Automation with Ansible
IT as Planned
The objective of DevOps, the combination of software development and IT operations, is to allow close cooperation between software developers and operating staff so they can learn from one another. One central aspect is automatic provisioning of the infrastructure and general software configuration distribution. Well-known products that achieve this goal and have been around for some time include Chef and Puppet. Ansible is a relatively new provider in this field; it offers similar functions but tends to target software developers less and experienced administrators more.
The imperative approach, which Ansible uses to formulate the task to be automated, is more intuitive – to my mind – and it involves fewer surprises in complex setups than the iterative approach of Puppet, for example. In a nutshell, Ansible focuses on "how," whereas Puppet concentrates on "what" in the form of the desired target state of the system and building on the ability of agents to create this state – with the current system state acting as a starting point. If undesirable effects or problems occur, however, the greater degree of abstraction can make debugging complex and difficult to understand.
The minimum requirement for Ansible is simply an installed operating system (Ubuntu Linux in my case) that provides SSH access for an administrative user. Because an operating system and SSH access are required, Ansible is explicitly not suitable as a bare metal provisioning tool. In my case, all the newly created machines boot from a lean base image that meets these requirements. As soon as logging in via SSH is possible, Ansible can take the helm.
At run time, all the required components are transferred to the target system using SSH; they are then executed there and removed on completion; however, don't worry – this process is not as slow as it might initially seem. Although dedicated agents increase the complexity of the overall system and need to be maintained and updated after the installation, this overhead does not exist in Ansible. Updates for Ansible are limited to the local installation.
Flexible Inventorying
To be able to provision machines, Ansible needs to know how to reach them. This information is stored in inventories.

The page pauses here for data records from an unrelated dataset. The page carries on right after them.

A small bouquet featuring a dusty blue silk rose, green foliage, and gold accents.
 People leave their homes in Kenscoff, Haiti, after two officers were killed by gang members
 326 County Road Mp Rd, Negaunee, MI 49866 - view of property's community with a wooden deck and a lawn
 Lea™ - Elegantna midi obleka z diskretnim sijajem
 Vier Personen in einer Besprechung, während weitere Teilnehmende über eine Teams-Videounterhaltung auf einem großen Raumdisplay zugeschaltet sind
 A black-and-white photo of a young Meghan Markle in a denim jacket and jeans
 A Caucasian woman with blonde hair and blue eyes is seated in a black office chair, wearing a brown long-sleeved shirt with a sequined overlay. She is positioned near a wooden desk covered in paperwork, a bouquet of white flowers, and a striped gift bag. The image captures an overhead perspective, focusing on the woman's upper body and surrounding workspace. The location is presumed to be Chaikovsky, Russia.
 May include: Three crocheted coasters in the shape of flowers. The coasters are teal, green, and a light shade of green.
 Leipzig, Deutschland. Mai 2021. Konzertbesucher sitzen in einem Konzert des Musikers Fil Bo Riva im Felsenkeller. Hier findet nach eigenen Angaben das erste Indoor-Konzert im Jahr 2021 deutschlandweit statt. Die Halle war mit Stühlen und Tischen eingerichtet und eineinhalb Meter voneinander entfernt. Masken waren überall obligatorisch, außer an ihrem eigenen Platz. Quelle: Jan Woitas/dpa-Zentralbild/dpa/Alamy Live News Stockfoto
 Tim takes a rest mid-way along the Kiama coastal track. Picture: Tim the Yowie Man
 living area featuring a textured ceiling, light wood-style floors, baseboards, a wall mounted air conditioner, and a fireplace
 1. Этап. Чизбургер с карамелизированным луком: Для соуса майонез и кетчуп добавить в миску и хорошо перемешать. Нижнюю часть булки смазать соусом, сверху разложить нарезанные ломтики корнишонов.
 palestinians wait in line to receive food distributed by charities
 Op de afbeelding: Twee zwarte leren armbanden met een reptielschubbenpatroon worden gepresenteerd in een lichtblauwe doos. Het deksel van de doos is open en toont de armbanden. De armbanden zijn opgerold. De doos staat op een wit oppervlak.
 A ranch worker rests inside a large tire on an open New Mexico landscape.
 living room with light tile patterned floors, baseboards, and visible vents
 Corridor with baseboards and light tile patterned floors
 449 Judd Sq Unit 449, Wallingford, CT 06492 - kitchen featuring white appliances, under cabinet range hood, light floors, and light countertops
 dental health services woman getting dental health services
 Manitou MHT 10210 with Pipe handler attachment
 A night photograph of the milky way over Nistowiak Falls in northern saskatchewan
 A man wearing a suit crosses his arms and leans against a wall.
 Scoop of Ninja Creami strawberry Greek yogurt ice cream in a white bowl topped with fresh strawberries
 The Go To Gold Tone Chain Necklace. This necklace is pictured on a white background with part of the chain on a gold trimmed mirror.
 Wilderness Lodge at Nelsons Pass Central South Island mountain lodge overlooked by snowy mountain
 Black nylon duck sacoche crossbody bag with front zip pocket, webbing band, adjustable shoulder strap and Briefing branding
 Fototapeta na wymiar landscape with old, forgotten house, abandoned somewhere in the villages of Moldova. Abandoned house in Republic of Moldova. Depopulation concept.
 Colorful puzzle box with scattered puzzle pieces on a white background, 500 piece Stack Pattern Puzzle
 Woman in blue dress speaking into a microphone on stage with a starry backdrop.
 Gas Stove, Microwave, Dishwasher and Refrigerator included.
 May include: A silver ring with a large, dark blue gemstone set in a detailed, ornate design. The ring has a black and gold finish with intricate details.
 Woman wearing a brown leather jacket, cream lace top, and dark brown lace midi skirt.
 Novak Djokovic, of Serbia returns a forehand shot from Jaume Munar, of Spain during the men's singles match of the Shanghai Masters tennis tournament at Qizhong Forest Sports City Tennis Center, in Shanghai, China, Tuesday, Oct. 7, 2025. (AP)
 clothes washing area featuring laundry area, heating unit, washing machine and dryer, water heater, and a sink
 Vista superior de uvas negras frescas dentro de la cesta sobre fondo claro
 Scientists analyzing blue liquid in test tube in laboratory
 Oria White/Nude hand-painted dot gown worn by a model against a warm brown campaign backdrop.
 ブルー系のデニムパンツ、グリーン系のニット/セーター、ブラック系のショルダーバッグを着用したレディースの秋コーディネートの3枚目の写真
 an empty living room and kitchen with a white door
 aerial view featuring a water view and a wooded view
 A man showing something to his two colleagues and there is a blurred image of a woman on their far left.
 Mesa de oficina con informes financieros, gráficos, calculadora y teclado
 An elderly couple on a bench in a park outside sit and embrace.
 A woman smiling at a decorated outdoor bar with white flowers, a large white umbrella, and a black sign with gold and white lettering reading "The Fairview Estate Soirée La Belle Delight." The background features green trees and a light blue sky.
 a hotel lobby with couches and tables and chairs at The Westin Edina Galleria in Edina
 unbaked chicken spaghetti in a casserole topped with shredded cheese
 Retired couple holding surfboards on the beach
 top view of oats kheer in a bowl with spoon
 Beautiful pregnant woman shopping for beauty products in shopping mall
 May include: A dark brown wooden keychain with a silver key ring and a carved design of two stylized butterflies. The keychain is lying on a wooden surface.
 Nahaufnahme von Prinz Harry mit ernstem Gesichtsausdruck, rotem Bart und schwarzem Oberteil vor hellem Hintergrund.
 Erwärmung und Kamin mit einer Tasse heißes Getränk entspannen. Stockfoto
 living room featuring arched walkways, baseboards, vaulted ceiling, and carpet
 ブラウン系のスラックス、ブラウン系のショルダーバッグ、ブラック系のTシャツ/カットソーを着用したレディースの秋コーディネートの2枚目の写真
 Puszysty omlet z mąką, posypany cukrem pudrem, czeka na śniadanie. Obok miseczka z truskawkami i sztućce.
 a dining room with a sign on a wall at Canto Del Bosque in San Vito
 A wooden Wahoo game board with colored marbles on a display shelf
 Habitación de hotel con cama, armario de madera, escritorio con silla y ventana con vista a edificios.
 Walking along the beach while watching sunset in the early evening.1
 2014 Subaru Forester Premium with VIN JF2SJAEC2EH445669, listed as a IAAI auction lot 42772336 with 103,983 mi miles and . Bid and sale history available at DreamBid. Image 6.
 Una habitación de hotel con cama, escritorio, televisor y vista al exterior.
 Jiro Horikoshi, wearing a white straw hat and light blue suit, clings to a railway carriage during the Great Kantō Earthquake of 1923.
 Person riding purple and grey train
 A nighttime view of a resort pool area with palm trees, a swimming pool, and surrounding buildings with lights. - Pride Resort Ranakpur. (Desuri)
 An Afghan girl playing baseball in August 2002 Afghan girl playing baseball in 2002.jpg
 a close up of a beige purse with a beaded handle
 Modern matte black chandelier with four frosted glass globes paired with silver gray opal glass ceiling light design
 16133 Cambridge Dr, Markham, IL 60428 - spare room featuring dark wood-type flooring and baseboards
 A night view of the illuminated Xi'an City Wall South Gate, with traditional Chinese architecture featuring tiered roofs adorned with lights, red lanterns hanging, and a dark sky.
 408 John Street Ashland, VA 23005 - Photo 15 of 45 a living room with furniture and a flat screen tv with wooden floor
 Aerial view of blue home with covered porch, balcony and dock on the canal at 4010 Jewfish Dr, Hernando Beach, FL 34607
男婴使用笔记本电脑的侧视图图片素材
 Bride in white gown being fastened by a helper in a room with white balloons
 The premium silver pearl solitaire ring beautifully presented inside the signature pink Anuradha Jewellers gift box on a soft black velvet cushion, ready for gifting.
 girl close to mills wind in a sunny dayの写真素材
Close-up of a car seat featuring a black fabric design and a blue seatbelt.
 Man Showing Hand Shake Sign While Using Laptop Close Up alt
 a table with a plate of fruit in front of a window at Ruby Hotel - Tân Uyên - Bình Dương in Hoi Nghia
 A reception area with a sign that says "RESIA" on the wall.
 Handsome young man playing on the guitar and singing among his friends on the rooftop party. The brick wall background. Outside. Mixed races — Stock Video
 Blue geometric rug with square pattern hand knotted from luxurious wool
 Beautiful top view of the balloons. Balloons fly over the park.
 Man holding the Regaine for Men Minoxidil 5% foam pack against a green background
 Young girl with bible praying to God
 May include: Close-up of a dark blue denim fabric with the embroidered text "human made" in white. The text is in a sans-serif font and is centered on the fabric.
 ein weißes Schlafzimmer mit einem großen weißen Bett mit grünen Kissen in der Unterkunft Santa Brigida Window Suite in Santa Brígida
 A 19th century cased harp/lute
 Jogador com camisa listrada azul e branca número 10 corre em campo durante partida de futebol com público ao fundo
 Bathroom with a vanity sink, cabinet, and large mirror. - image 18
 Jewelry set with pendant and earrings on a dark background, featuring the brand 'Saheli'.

An inventory is a text file that uses the INI format and collects DNS hostnames, IP addresses, and optionally variable values, as shown in Listing 1.
Listing 1
Sample Inventory
[controllers] control01.baremetal control02.baremetal [nodes] node01.baremetal machine_type=Dell_R510 node02.baremetal machine_type=Dell_R720 [baremetals:children] controllers nodes
In this example, two host groups named controllers
and nodes
are defined, each with two members. All of the elements in these two groups are in turn collected in the other group, baremetals
, thanks to the children
keyword. A group of machines like this offers a simple and extremely flexible way of organizing the infrastructure.
However, as the infrastructure becomes increasingly dynamic and machines – virtual or physical – are added or removed, this approach reaches its limits. At some point, it becomes impossible to manage all the machines manually in the static text file. For situations like this, Ansible offers the option of running programs to generate inventories, both to supplement static entries and as the sole data source. Prebuilt modules exist for a variety of external products that can contain reusable information about the system landscape (e.g., Amazon EC2 or Zabbix). It is easy to add more integration features; after all, this is a simple question of generating the JSON data structure that Ansible expects.
For example, I wrote my own Python script to query information relating to virtual machines in OpenStack Nova from the machines' metafiles and output this information in a format suitable for Ansible. This capability means that you can create or delete machines as needed without having to change your Ansible inventories. Details of the available default modules and a link to the developer documentation are provided on the Ansible website [1].
Controlling Ansible
The following examples assume that the computers you use are addressable by their DNS names and that a local user by the name of local-admin
exists and can connect using SSH and a key file without a password. Being able to log in without a password is not a prerequisite for the use of Ansible, but it does make your daily work much easier.
After inventorying and grouping the target hardware, you can now move on to the actions to be performed against it. Ansible formulates these actions in Playbooks – text files in an easily understandable, structured YAML format.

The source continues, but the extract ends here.